I had another very good demonstration recently of how the Universe rewards us for our trust and belief that we are always looked after and our needs are always met.

The past couple of months have been a time of renewal for me. My life as I knew it has changed out of all recognition, but it’s a good change. It wasn’t an easy process. I am not going to try to fool anyone that it was….I was kicked all over the place mentally, emotionally and at times physically. LOL

However, I was determined that no matter how dark things appeared to be, I would hold the belief that chaos always precedes positive change, and so often that change that we fear so much pushes us into something far better.

In the space of four short months, I went from having a steady full time job, a loving relationship and friend of 40 years, a cosy little home, excellent health, and a nice little savings account….to losing all of those things!

All my security blankets were ripped off and I was left shivering and wondering what the heck else could happen!

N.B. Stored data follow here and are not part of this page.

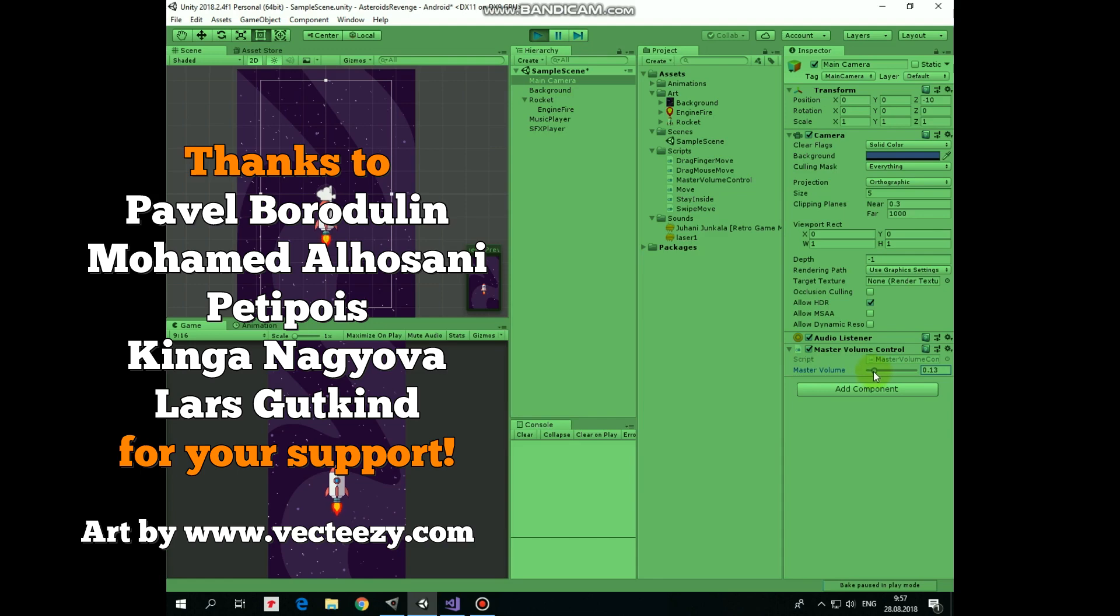Hello everyone, in this video I will show you how you can control master volume in your game with one simple script.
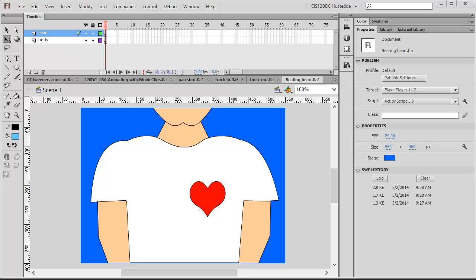We've seen that we can create classic tweens to move an object across a stage or to cycle through a track shot. There are some other effects we can do with tweening. We can also have objects grow in size or become smaller. We can apply different types of blends or filters to a movie clip that's being tweened, such as tinting it. And we can simulate different types of camera shots using tweens.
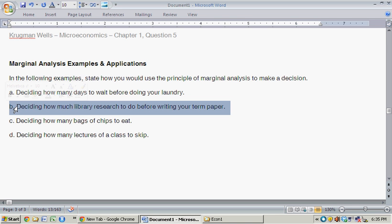Turning to the next one: deciding how much library research to do before writing your term paper. Presumably, doing library research has the benefit of improving the quality of your paper, making it better, making it longer. And the cost of doing this library research is a couple things. You could be doing other things with your free time, and time spent on library research is not time you're actually writing your paper.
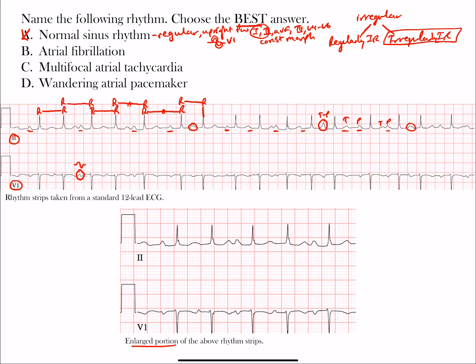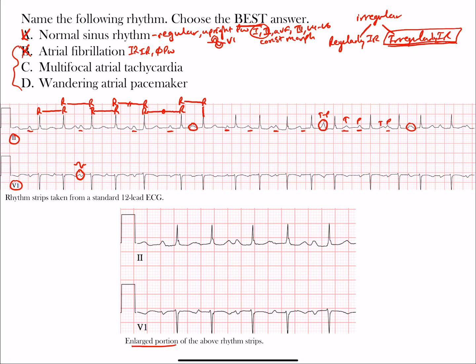Atrial fibrillation is also an irregularly irregular rhythm, but in AFib there are no P waves — you have chaotic atrial firing and never a true P wave forming. You see either fine or coarse AFib at baseline. Here, we do see P waves forming, so despite this being irregularly irregular, and despite AFib being the most common irregularly irregular rhythm, atrial fibrillation is not the correct choice.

I had a choice - I could wallow in self-pity or I could “choose” to accept what was happening and not resist, just go with the flow and see where this river of life would take me. I literally learned to live from moment to moment, trusting that what I needed would be provided – as I needed it.

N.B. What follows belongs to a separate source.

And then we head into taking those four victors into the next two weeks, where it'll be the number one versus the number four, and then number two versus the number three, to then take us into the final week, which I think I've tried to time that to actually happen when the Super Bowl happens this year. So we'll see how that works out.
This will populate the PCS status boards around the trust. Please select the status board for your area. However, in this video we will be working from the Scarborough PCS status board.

I kept repeating this little mantra to myself, especially when I felt that horrid little spiral of fear building in my tummy: “I trust the process of life, all is well in my world”.

I recognised this as a great opportunity for self-growth, for testing and living what I teach – really walking the talk. It’s no good just telling people about the Universal Laws, you have to live by them. So that’s what I chose to do.

I realised that although I was learning about loss, grieving, letting go and trusting, another aspect of the lesson was also about “sharing”. So I shared whatever I had. Even when I felt emotionally drained, there was always an opportunity to share a smile, a hug, a kind word with someone who needed it – it made me feel a bit lighter and reminded me that everyone has something they are dealing with.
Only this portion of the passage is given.